Every record below should be repeated exactly, with the pictures left out.

- [Dataset extract]
┄┄┄┄┄┄┄┄┄┄┄┄┄┄┄┄┄┄┄┄

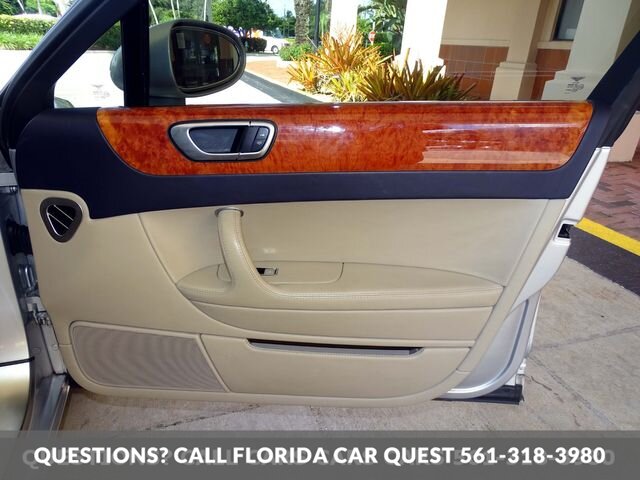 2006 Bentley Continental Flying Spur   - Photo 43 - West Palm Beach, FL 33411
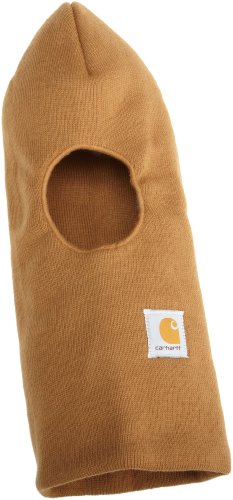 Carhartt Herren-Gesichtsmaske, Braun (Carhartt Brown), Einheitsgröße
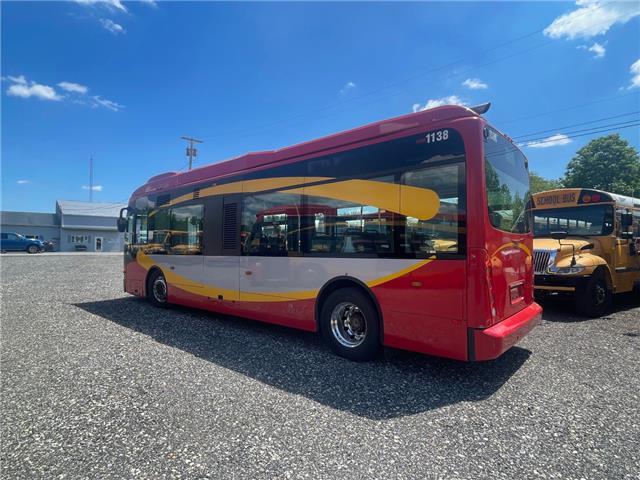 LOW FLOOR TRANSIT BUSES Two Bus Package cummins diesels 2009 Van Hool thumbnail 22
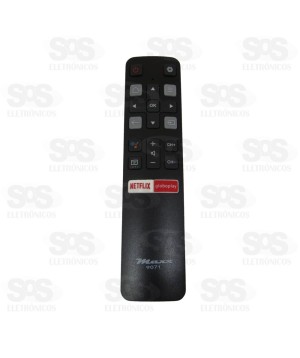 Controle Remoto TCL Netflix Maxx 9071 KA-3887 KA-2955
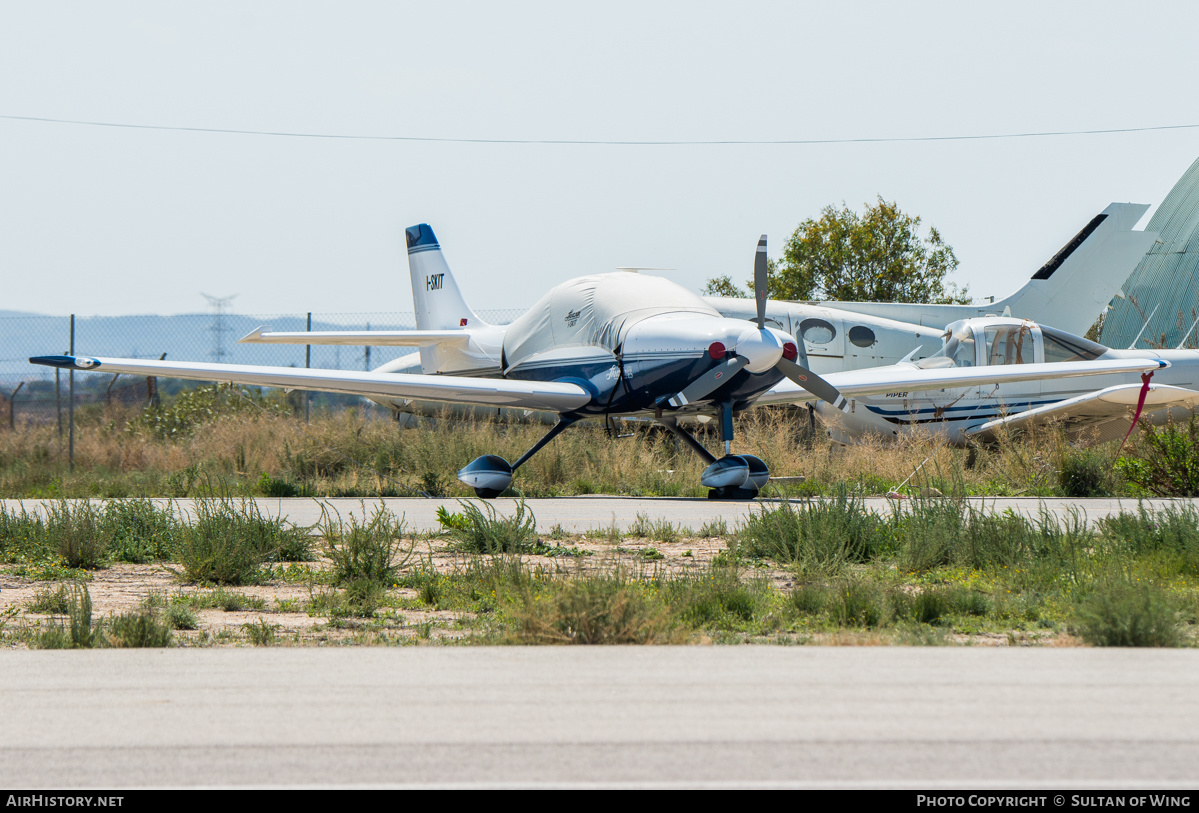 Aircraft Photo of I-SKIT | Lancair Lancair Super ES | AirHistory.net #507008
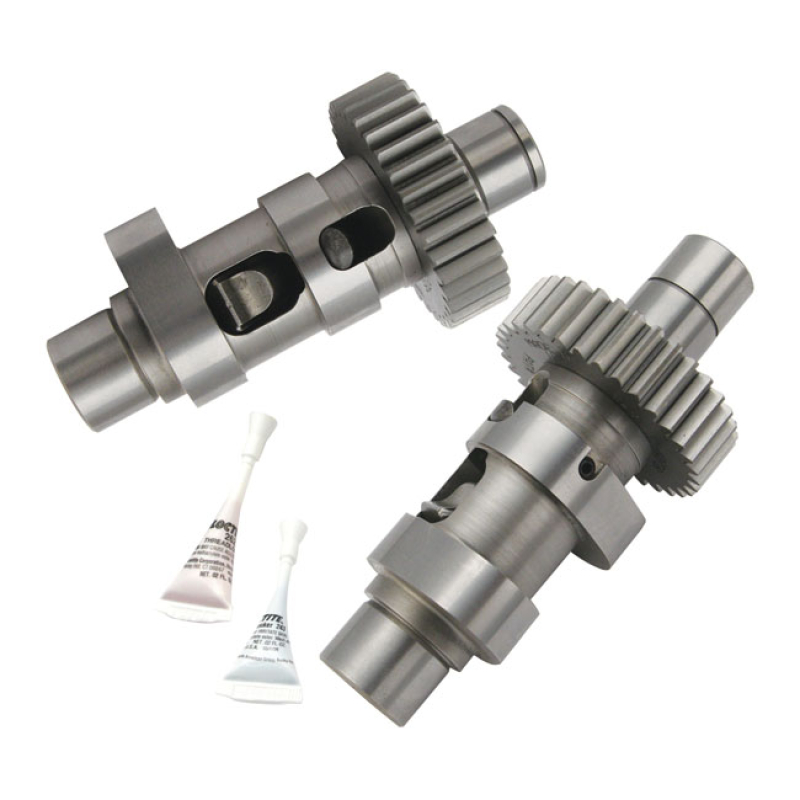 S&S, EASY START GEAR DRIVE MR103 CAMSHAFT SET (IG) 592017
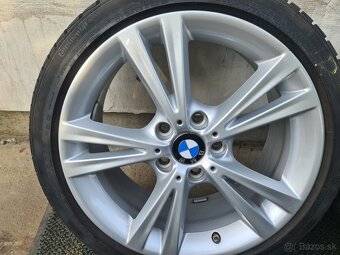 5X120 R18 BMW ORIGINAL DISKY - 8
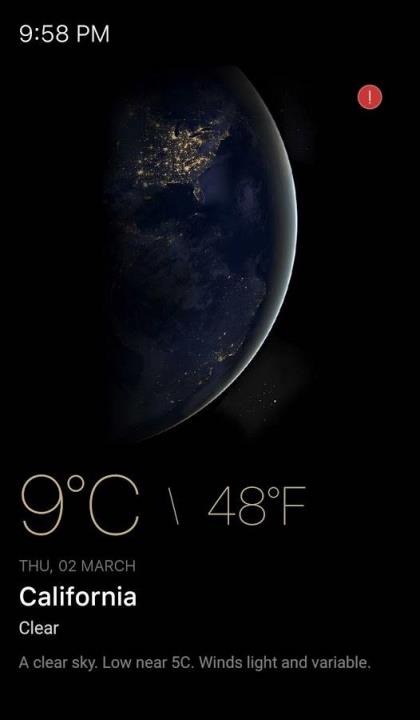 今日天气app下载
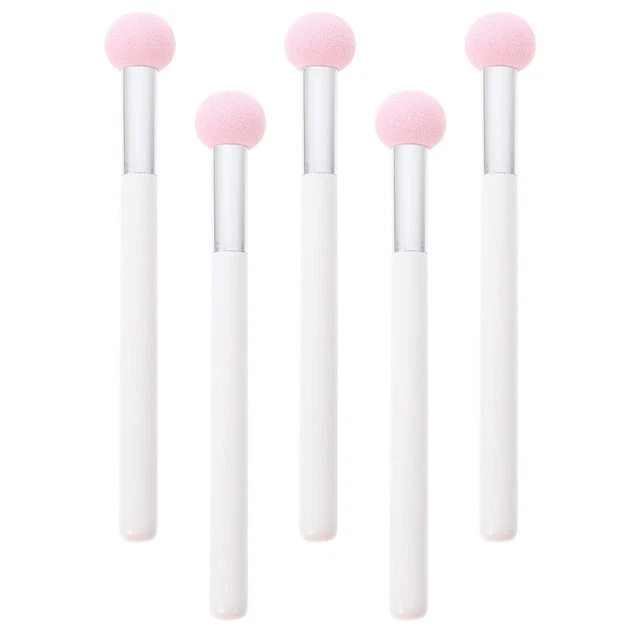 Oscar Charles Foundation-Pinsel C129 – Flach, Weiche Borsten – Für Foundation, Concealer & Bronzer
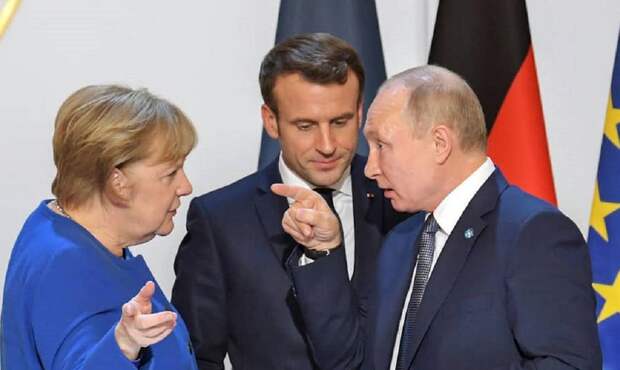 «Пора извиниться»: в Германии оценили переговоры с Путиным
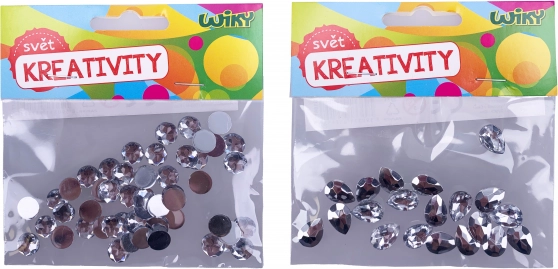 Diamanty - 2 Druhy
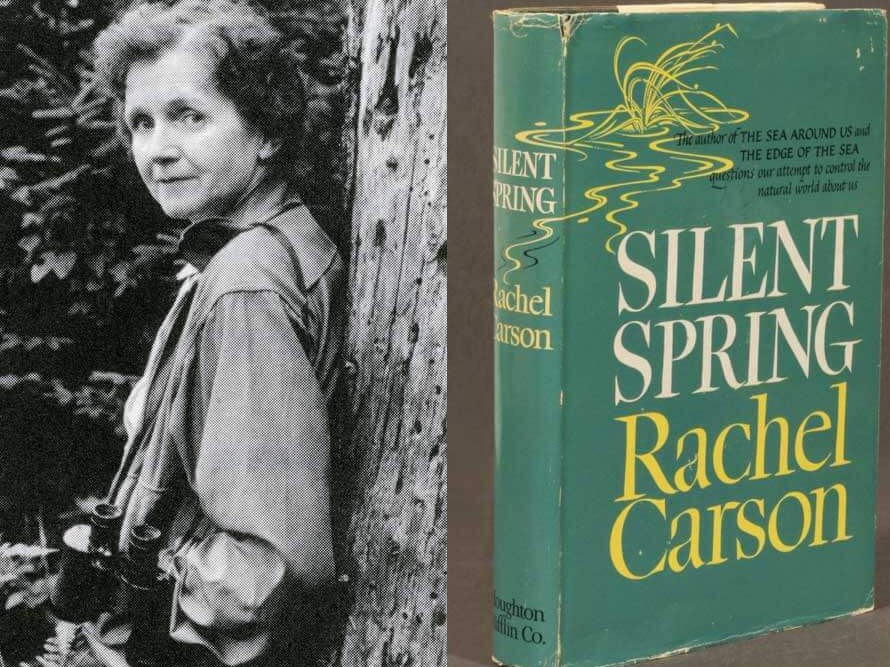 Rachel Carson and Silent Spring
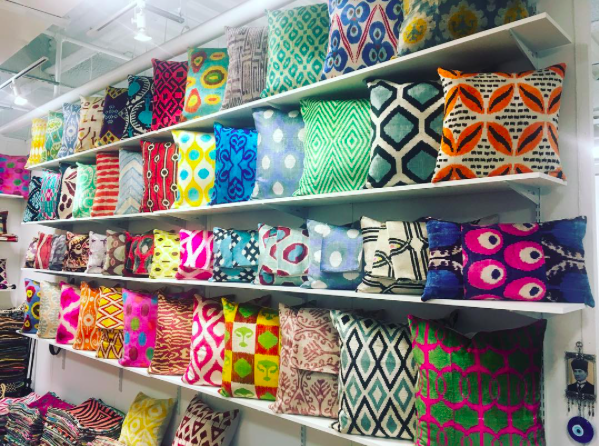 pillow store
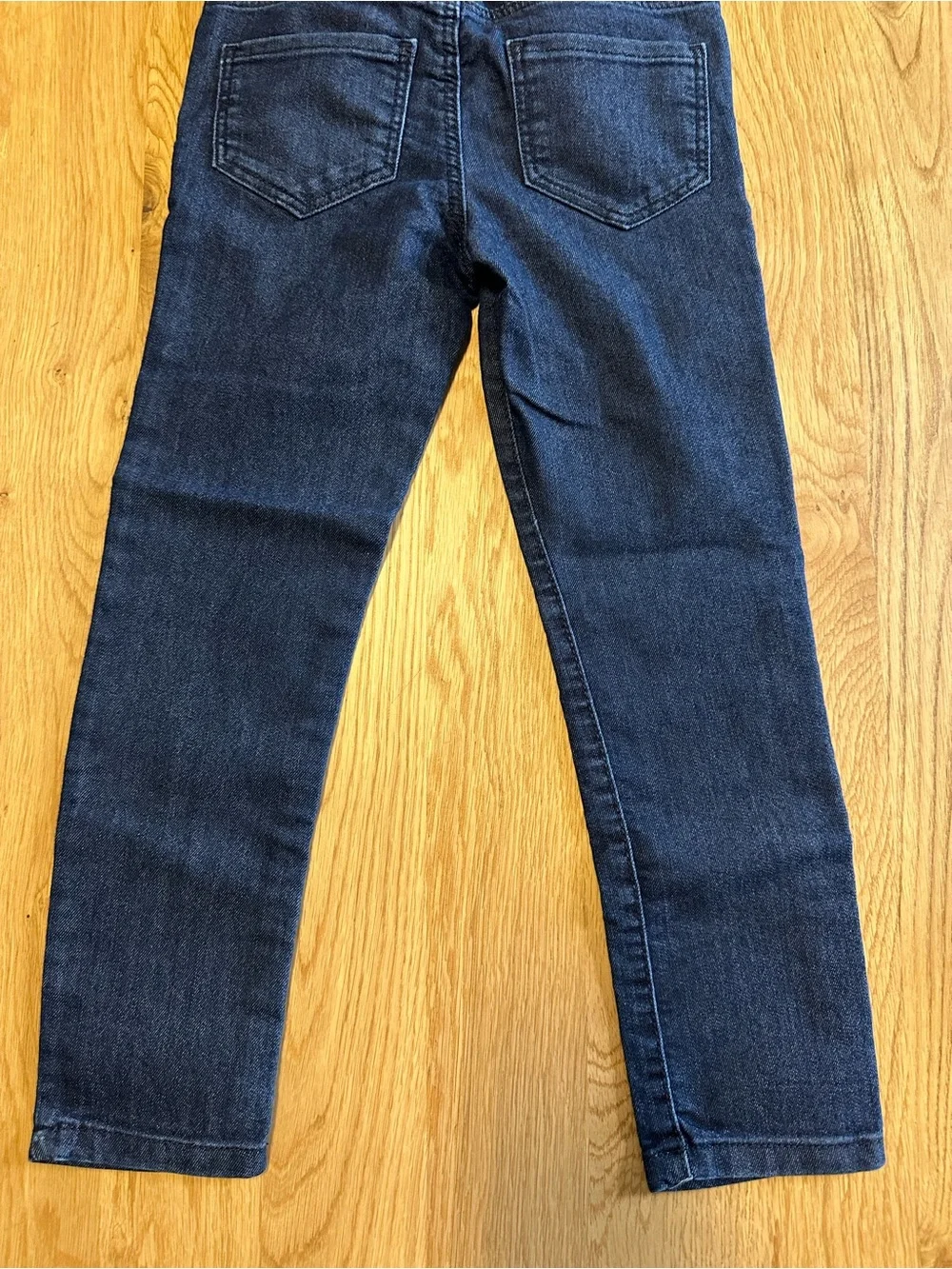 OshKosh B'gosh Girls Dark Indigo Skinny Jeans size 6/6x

┄┄┄┄┄┄┄┄┄┄┄┄┄┄┄┄┄┄┄┄

- [Result below]
 2006 Bentley Continental Flying Spur   - Photo 43 - West Palm Beach, FL 33411
 Carhartt Herren-Gesichtsmaske, Braun (Carhartt Brown), Einheitsgröße
 LOW FLOOR TRANSIT BUSES Two Bus Package cummins diesels 2009 Van Hool thumbnail 22
 Controle Remoto TCL Netflix Maxx 9071 KA-3887 KA-2955
 Aircraft Photo of I-SKIT | Lancair Lancair Super ES | AirHistory.net #507008
 S&S, EASY START GEAR DRIVE MR103 CAMSHAFT SET (IG) 592017
 5X120 R18 BMW ORIGINAL DISKY - 8
 今日天气app下载
 Oscar Charles Foundation-Pinsel C129 – Flach, Weiche Borsten – Für Foundation, Concealer & Bronzer
 «Пора извиниться»: в Германии оценили переговоры с Путиным
 Diamanty - 2 Druhy
 Rachel Carson and Silent Spring
 pillow store
 OshKosh B'gosh Girls Dark Indigo Skinny Jeans size 6/6x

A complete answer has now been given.